One special cityHollywood writer debuts film about Pittsburgh
“Pittsburgh is an underdog city,” a friend once told screenwriter Carl Kurlander.
“Nobody brags about being from the city,” Kurlander recalled being told. “But Pittsburghers know how special it is.”
It is Pittsburgh residents, or “neighbors” as Kurlander commonly refers to them, and their undying loyalty to their fair city, which is the subject of Kurlander’s film documentary “My Tale of Two Cities.” The movie will be shown at a red carpet screening Friday, Nov. 28 at the Byham Theater.
The screening, which is sold out, is being held as part of Pittsburgh’s Homecoming Weekend, and in celebration of the city’s 250th birthday. Proceeds from the screening will benefit the Youth and Media Initiative of the nonprofit Steeltown Entertainment Project in conjunction with the Holy Family Institute.

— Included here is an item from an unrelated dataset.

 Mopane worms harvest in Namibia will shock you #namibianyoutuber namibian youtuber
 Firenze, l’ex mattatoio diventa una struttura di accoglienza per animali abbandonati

Following the showing of the film, guests will join the movie’s cast, including Franco Harris, Paul O’Neill, Dr. Thomas Starzl, Joanne Rogers and Mister Rogers’ Neighborhood’s “Mr. McFeely” in singing the city’s unofficial theme song, “Won’t You Be My Neighbor?”
It is apt that this film should be shown in Pittsburgh during Homecoming weekend, explained Kurlander, as not only was it inspired by his own private homecoming, but it is also a depiction of other expatriate Pittsburghers’ attachment to their hometown, as well as the city’s own “comeback” following the collapse of the steel industry.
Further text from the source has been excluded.